• Short web captions
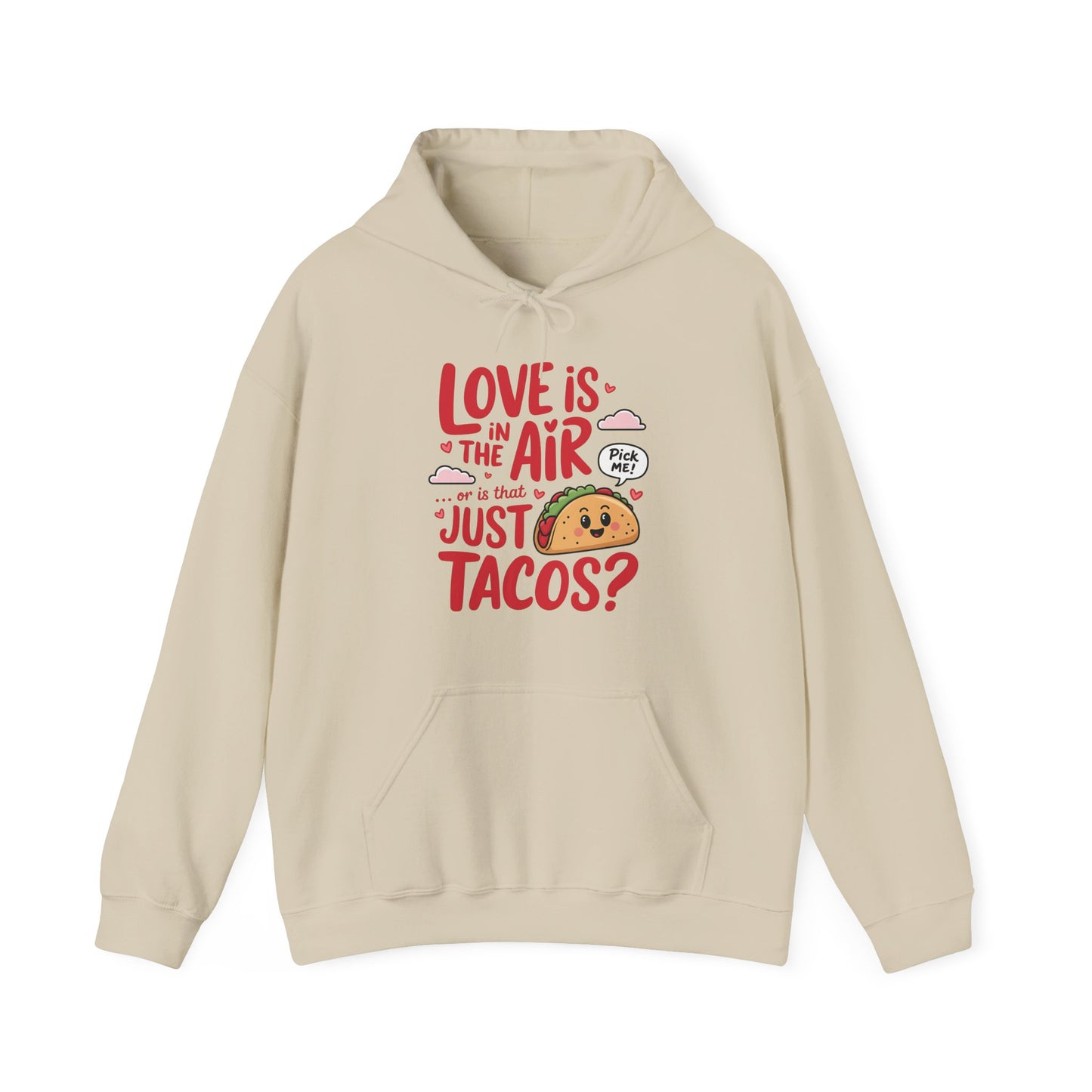 Love Tacos Hoodie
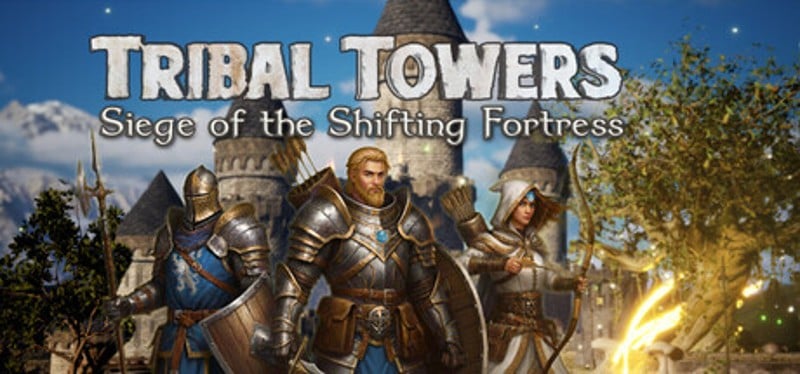 Tribal Towers - Siege of the Shifting Fortress Image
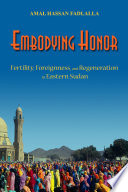 Embodying honor : fertility, foreignness, and regeneration in eastern Sudan / Amal Hassan Fadlalla.
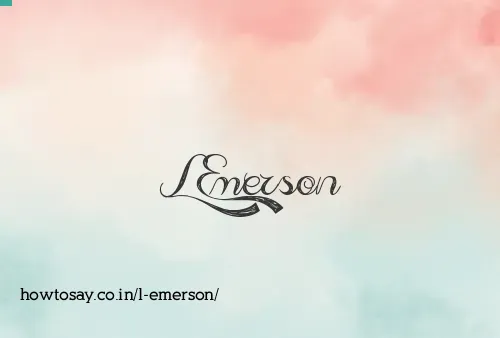 L Emerson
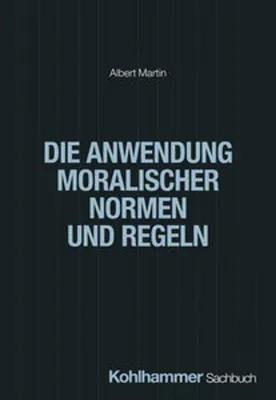 Immagine prodotto di Die Anwendung moralischer Normen und Regeln
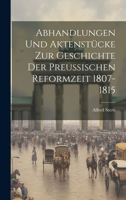 Abhandlungen Und Aktenstücke Zur Geschichte Der Preussischen Reformzeit 1807-1815 1020701013 Book Cover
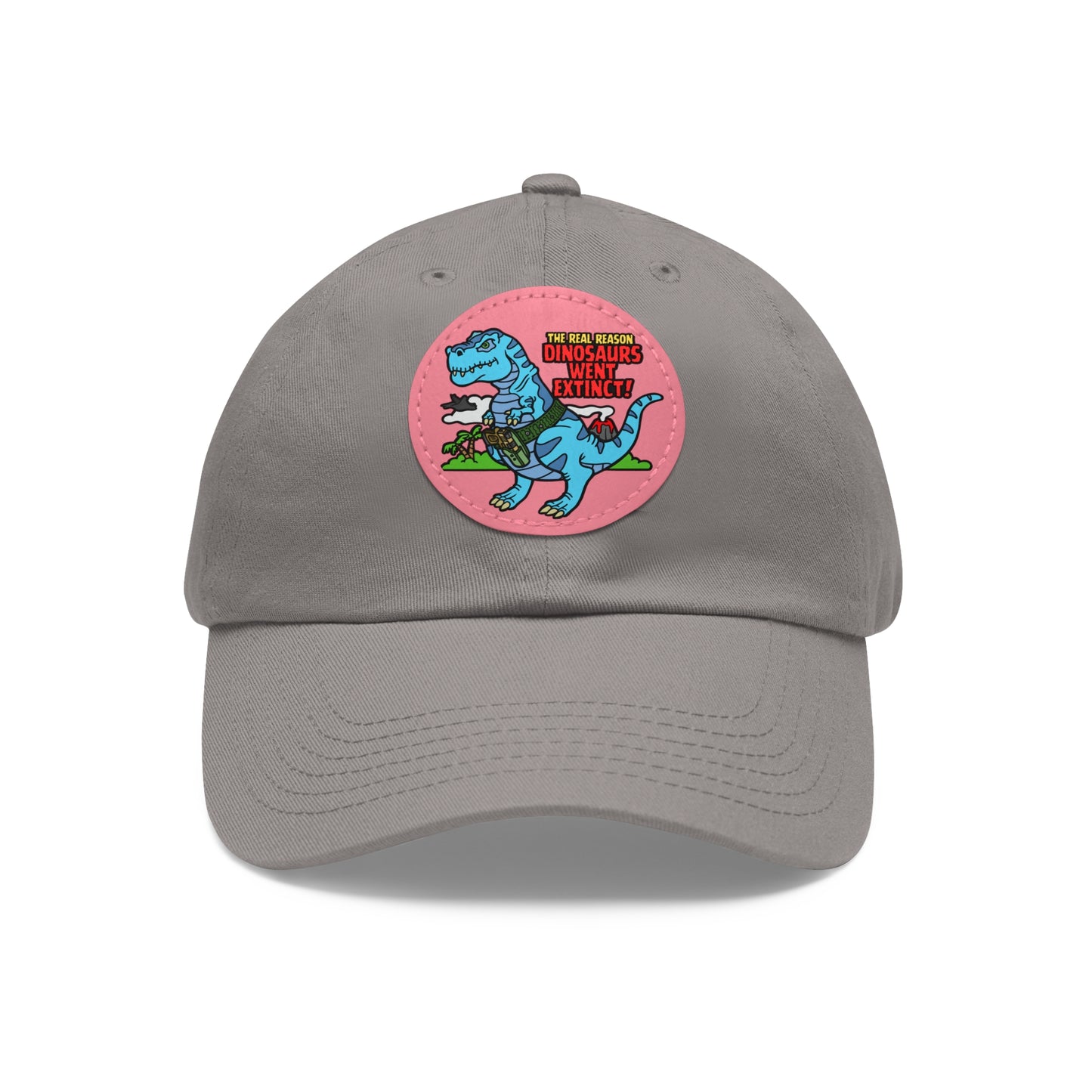 Why Dinosaurs Went Extinct! Dad Hat with Leather Patch (Round)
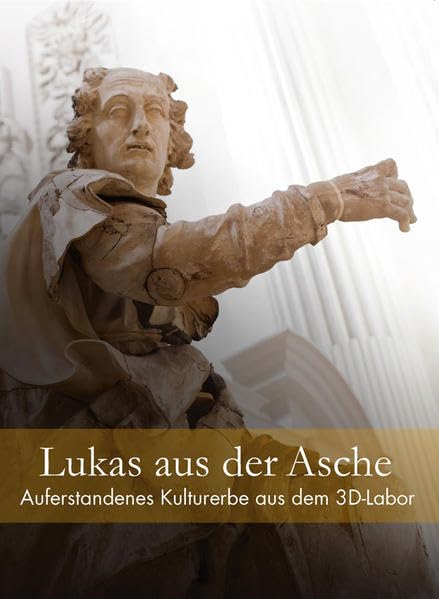 Lukas aus der Asche – Auferstandenes Kulturerbe aus dem 3D-Labor Film, Art & Culture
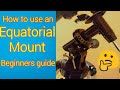 How to use an Equatorial mount. (Beginners guide}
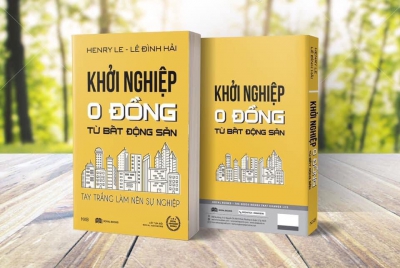 KHỞI NGHIỆP 0 ĐỒNG TỪ BẤT ĐỘNG SẢN- XỨNG ĐÁNG LÀ CUỐN SÁCH “GỐI ĐẦU GIƯỜNG” CHO NHÀ KHỞI NGHIỆP TRẺ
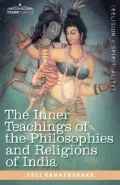 The Inner Teachings of the Philosophies and Religions of India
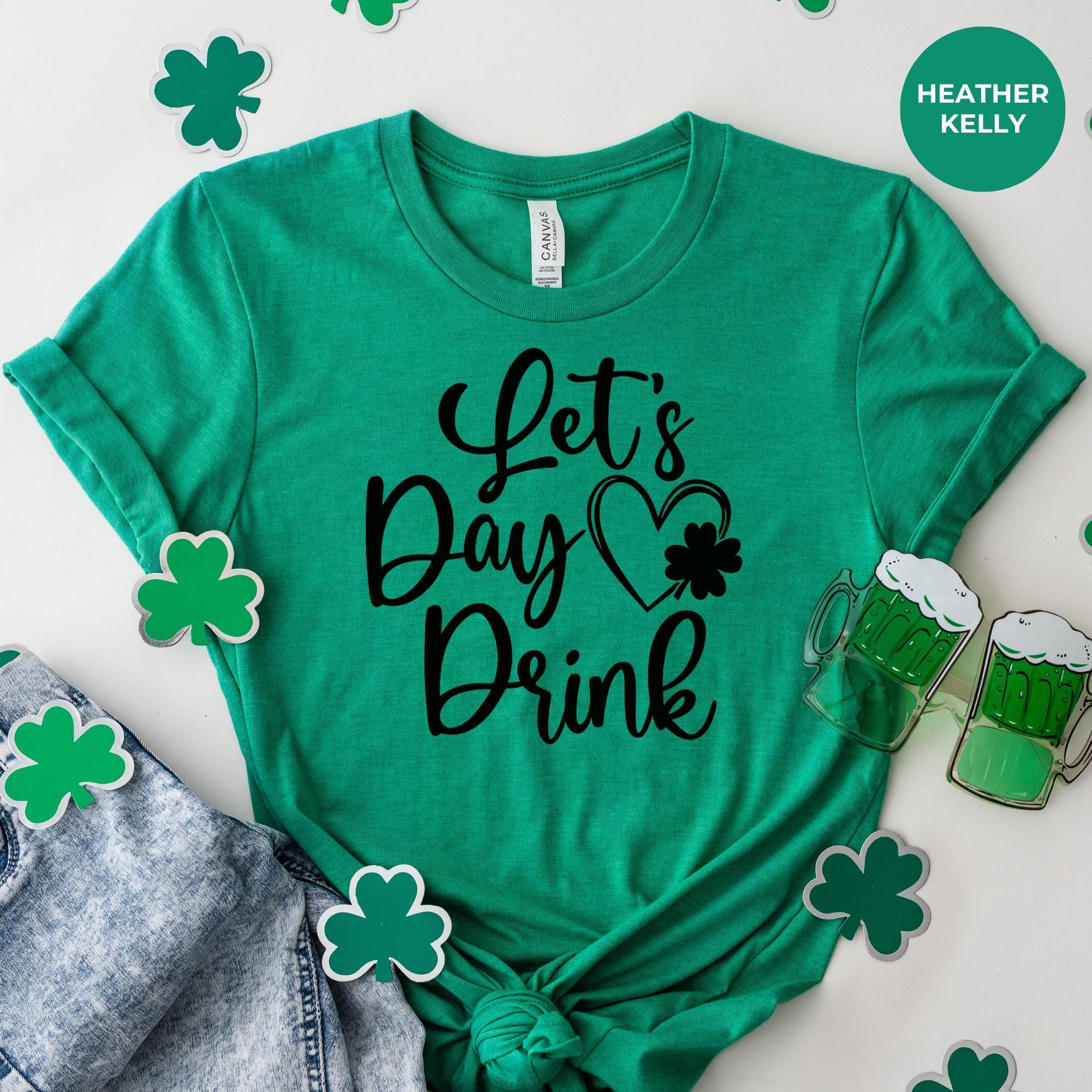 Lets day drink - lucky Shamrock St Patrick Day T-Shirt - Irish Graphic Tee - Green St Paddy Day Shirt - St Patrick's Day Gift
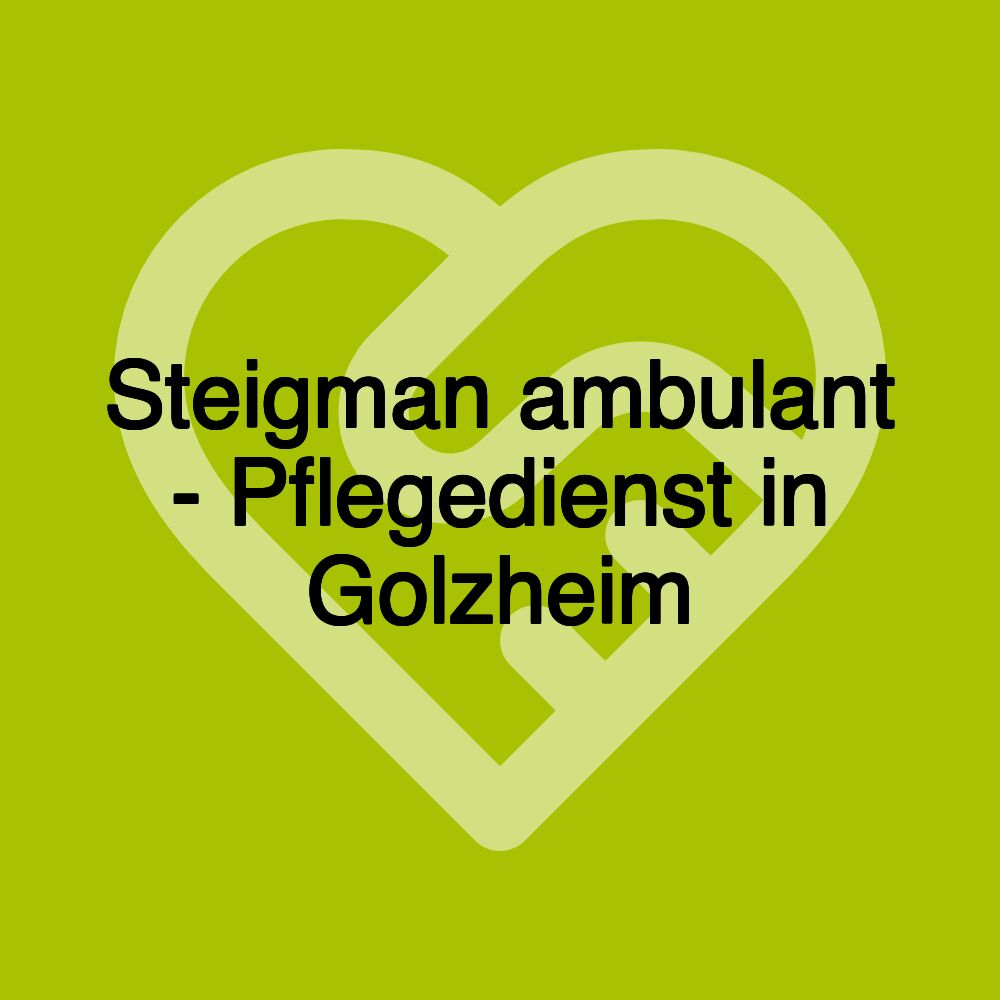 Steigman ambulant - Pflegedienst in Golzheim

• WHAT NEEDS TO BE DONE
Could you copy each line above exactly as written, minus any pictures?

• SOLVED PROBLEM
 Love Tacos Hoodie
 Tribal Towers - Siege of the Shifting Fortress Image
 Embodying honor : fertility, foreignness, and regeneration in eastern Sudan / Amal Hassan Fadlalla.
 L Emerson
 Immagine prodotto di Die Anwendung moralischer Normen und Regeln
 Abhandlungen Und Aktenstücke Zur Geschichte Der Preussischen Reformzeit 1807-1815 1020701013 Book Cover
 Why Dinosaurs Went Extinct! Dad Hat with Leather Patch (Round)
 Lukas aus der Asche – Auferstandenes Kulturerbe aus dem 3D-Labor Film, Art & Culture
 How to use an Equatorial mount. (Beginners guide}
 KHỞI NGHIỆP 0 ĐỒNG TỪ BẤT ĐỘNG SẢN- XỨNG ĐÁNG LÀ CUỐN SÁCH “GỐI ĐẦU GIƯỜNG” CHO NHÀ KHỞI NGHIỆP TRẺ
 The Inner Teachings of the Philosophies and Religions of India
 Lets day drink - lucky Shamrock St Patrick Day T-Shirt - Irish Graphic Tee - Green St Paddy Day Shirt - St Patrick's Day Gift
 Steigman ambulant - Pflegedienst in Golzheim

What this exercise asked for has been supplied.